Taking a Computer Lunch January 16, 2011 at 11:22 pm

I know that many APs leave the homes of their parents to become APs. However, personally, when I think of an AP, I don’t think of daughter – I think of another adult in my house raising my children. I’d say the relationship is more akin to cousin or niece than sister or daughter. I assume most APs would not actually WANT to be treated like daughters – after all: 1) you already have parents and 2) you want to experience some adult freedom without our micro-managing your free time.

To the OP: when you failed to tell your HP that you scratched the car, did you also fail to tell the owners of the cars you “scratched”? Not only is the failure to leave a note unethical, but if someone witnessed your accident and reported it to the owner, your HF could find themselves liable for your “hit and run.”

As a HM, if I discovered that my AP had had two accidents that she didn’t tell me about, yes, the trust would be gone. I would feel angry and hurt. I’d also feel that her driving would ultimately become a liability (and as a mother working outside the home, the last thing I need in an AP is a liability). And yes, I would be ready to move on. I agree with the other comments – you need to accept responsibility that your actions have a direct impact on your relationship with your current HF. Ask your LCC to actively seek out families with whom you may rematch. Don’t expect to match with a HF that offers driving privileges – you may well have to earn those back.

Calif Mom January 17, 2011 at 11:45 am

THANK YOU used to be an au pair, for posting this:

“First of all, try to get rid of the expectation to be “a member of the family”. It’s all over the glossy leaflets the agencies give to potential APs, but I don’t think that many HFs really are able to treat their AP as an additional daughter from day one on (and that is what many APs think “being a member of the family” means).”

I’m putting a clarification of this concept into my next family letter. I should have known I was in trouble with the Princess AP when her mother wrote me an email to thank me for looking after her daughter as if she were my own. Red Alert! And right now, I’m making it work with an AP who treats me like her mother (and yes, this is a LOT of work, and I’m not happy about it).

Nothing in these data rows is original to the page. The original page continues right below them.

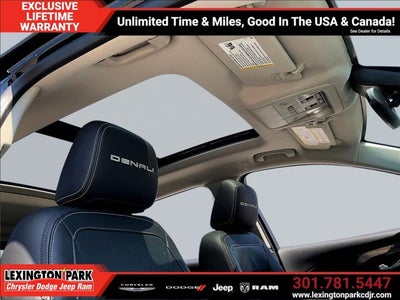 2023 GMC Terrain AWD Denali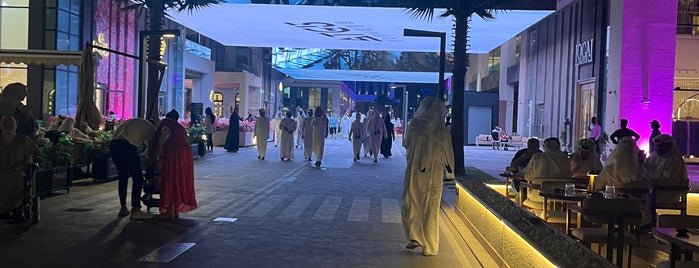 West Walk BLV is one of Doha♥️.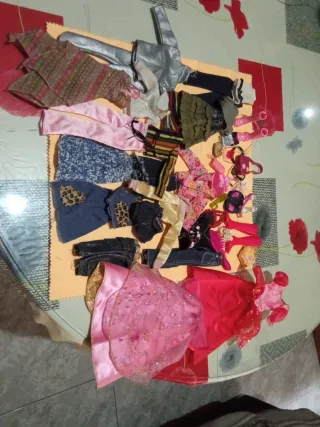 Lote Ropa y Accesorios Muñecas Barbie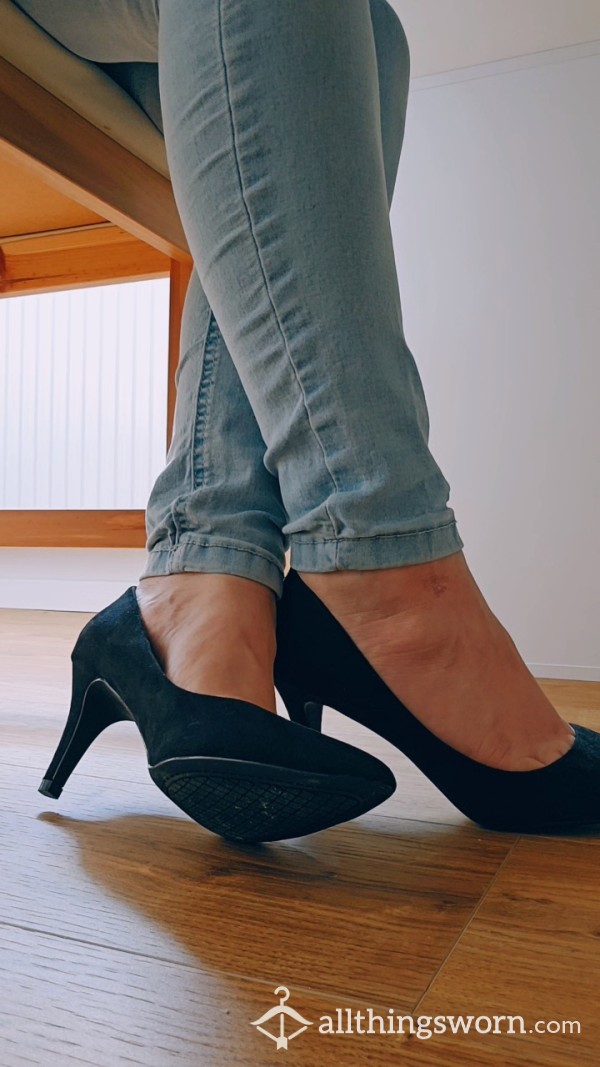 OFFICE FEET IGNORE ✨️ WATCH MY FEET IGNORE YOU IN BLACK HEELS AND TIGHT JEANS 😍 25:30 🔥 UNLOCK G-DRIVE ACCESS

This AP is absolutely right; host parents are NOT looking to add another child! “Member of family” means we celebrate holidays together, have dinner together, go to the amusement park etc, but not that host mom is suddenly your surrogate mother! You keep your mom; I’m here focused on my own kids (and hub and myself, god forbid!). Yes, we will feed you and help keep you out of major trouble and in return, you go do fun stuff in your own time and we will not ask questions. This is time to figure out what you want in life, and have a great time with some really interesting (and challenging) kids for a few hours a week. And take one class at a time. What more would a 20-ish year old want?

Eurogirl January 17, 2011 at 12:49 pm

The literature about au pairs can be misleading, sure, but like Calif Mom says, put a clarification in, especially if your prospective au pair is not a native speaker of the language that you are writing in. It’s a difficult line because I now consider myself friends with most of my old au pair employers… But there were times that we definitely had less than friendly, strictly employer-employee moments! It would be unrealistic to expect anything else…but how much does a sheltered teenager know about what’s a realistic working position in a different culture and country?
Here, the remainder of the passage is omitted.